GENRE: YA Pop Space Opera

On the first stop of their 12-planet tour, IdoLL and the Intergalactics don't get the reception IdoLL had hoped for...

“Why didn’t you warn me?” says IdoLL.

“About what?” Monkey settles into a pillow on the floor with his AIP juice and pops one open by poking a finger through the top. He holds his finger there, like a thick metal straw, while he drains it. “I never have any idea what will amuse or annoy you.”

“Okay, let’s make a list.” IdoLL paces the room and counts on her fingers. “Being denied my one and only personal guard equals annoying. Having an alien queen maul my face to take my temperature, annoying. And when the snaky bitch locks me in an underground waiting room without my repair kit? Uber, uber annoying.”

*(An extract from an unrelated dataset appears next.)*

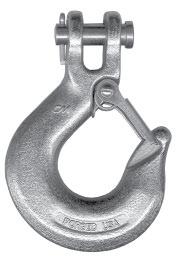 Refer to Columbus McKinnon s Lifting Pulling Binding Manual (PCM10) for complete information. CLEVIS GRAB HOOKS TRANSPORT Grade 70 B A C Yellow Chromate E Approx.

“Complaining will not change our circumstances.”

“And philosophical Monkeybots, add that to the list!”

Monkey’s face contorts, but he says nothing. He finishes his juice, withdraws his finger and crushes the can against the side of his head.

“Debop!” Debop says with a frown, folding three tentacles under his round face.

“I’m not going to apologize,” IdoLL falls back into a pillow. A surprisingly comfortable pillow. She prods at it with a finger. “It’s his job, you know, to be our ambassador.”

“Cultural liaison.” Monkey pokes a finger into the next can.

“Whatever.” IdoLL punches the pillow, hard, and a seam bursts, sending shiny miniscule particles into the air like fairy dust. “I wish Garrison was here.”

“Why? So that diplomatic genius could fix everything?”

“No, so I could strangle him.”


  1. What?! This is so cool!

    Believe it or not, I've watched a Pop Space Opera before (Macross) so I wondered, before reading this, how you meant by the genre.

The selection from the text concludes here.